I say you look great no matter what


----------



## degek2001 (Jan 8, 2010)

vampirekitten said:


> I went from last date I know of was 2/09 was about 245 now as of 12/31 I was 346 so 101 pounds!!! :smitten::wubu: I'm hoping to get to 450 this year :eat1::wubu:


Wow, that sounds good 101 pounds. I read you have made a competition with an other girl? I hope so you'll gain to 450, that's 104 pounds...
Hmmm I love you. And do you like your new 101 pounds? I want to feel en knead all your fat... Hmmm
<3 Henk


----------



## Clyde (Jan 8, 2010)

Another 2 lbs to 178. Working toward 250!!


----------



## latefreshman15 (Jan 10, 2010)

all in the last month lol!


----------



## Weirdo890 (Jan 10, 2010)

vampirekitten said:


> I went from last date I know of was 2/09 was about 245 now as of 12/31 I was 346 so 101 pounds!!! :smitten::wubu: I'm hoping to get to 450 this year :eat1::wubu:



Congratulations. I hope you enjoy your new curves.


----------



## vampirekitten (Jan 10, 2010)

degek2001 said:


> Wow, that sounds good 101 pounds. I read you have made a competition with an other girl? I hope so you'll gain to 450, that's 104 pounds...
> Hmmm I love you. And do you like your new 101 pounds? I want to feel en knead all your fat... Hmmm
> <3 Henk



Yeah I love my new weight and can't wait for it to go up and up :wubu: I love eating and growing its just the best.. Yes its a competition and that makes it even more fun.. She has gained about 35-40ish not sure exactly.  :wubu:


----------



## vampirekitten (Jan 10, 2010)

Weirdo890 said:


> Congratulations. I hope you enjoy your new curves.

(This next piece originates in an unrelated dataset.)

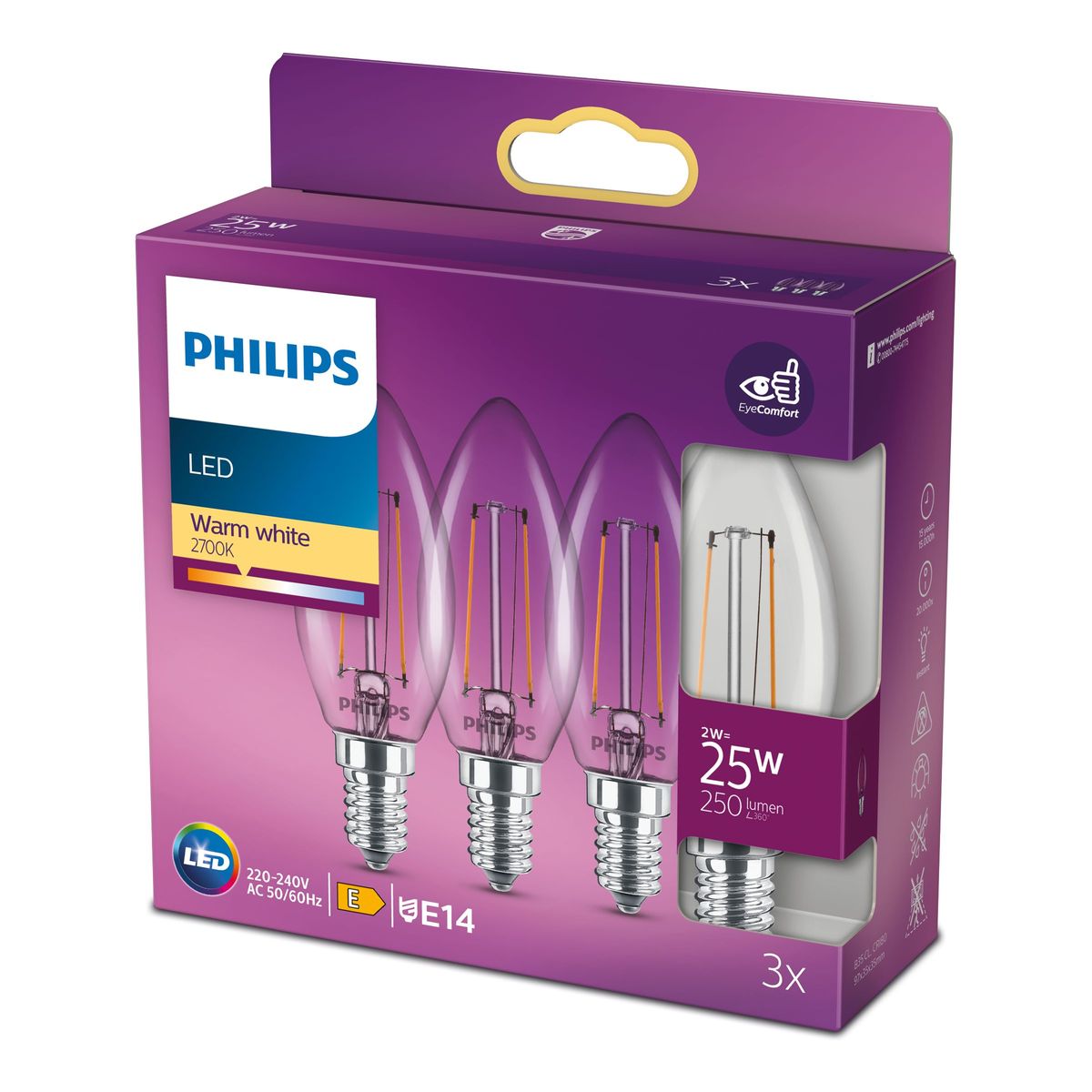 Philips - LED classic 25W B35 E14 WW CL ND 3SRT6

Thanks!!! I absolutely love them :wubu::wubu:


----------



## Weirdo890 (Jan 10, 2010)

vampirekitten said:


> Thanks!!! I absolutely love them :wubu::wubu:



I'm glad for you. Everybody should love themselves. Now I need to work on that.


----------



## Weirdo890 (Jan 10, 2010)

vampirekitten said:


> Thanks!!! I absolutely love them :wubu::wubu:



I'm glad for you. Everybody should love themselves. Now I need to work on that.


----------



## degek2001 (Jan 10, 2010)

vampirekitten said:


> Yeah I love my new weight and can't wait for it to go up and up :wubu: I love eating and growing its just the best.. Yes its a competition and that makes it even more fun.. She has gained about 35-40ish not sure exactly.  :wubu:


What kind of food do you eat? I think a good shake with a lot of milk, cream, ice and maybe a little bit butter will help to gain quickly.
Do you want to make a comparison pic with the two bellies? I've seen your last pic with her, very exciting:smitten::eat2::wubu:
<3 Henk


----------



## BBW MeganLynn44DD (Jan 12, 2010)

Thank You KHayes,blushing a bit... but it's tough to stop when everyone tells me I'm looking good! It's just no fun when I have to replace outfits and blouses I love!Not sure about getting any larger,like i said i think i'm at maximum density!


----------



## Tam (Jan 12, 2010)

Oh, i have gained like 20 pounds.
:doh:


----------



## degek2001 (Jan 16, 2010)

Tam said:


> Oh, i have gained like 20 pounds.
> :doh:


I like it to see this 20 lbs on your belly :happy::smitten:
<3 Henk


----------



## vermillion (Jan 16, 2010)

i have gained 30 pounds or so


----------



## Weirdo890 (Jan 16, 2010)

vermillion said:


> i have gained 30 pounds or so



Those 30 pounds just add to your beauty. :smitten:


----------



## degek2001 (Jan 17, 2010)

vermillion said:


> i have gained 30 pounds or so


And where do you notice this new fat? On belly, hips, breasts, arms, legs or butt? And do you like your new weight?
<3 Henk


----------



## CuriousKitten (Jan 18, 2010)

I went from 185 on December 12, 2008 to 226 as of December 31st 2009 so that is 36 lbs.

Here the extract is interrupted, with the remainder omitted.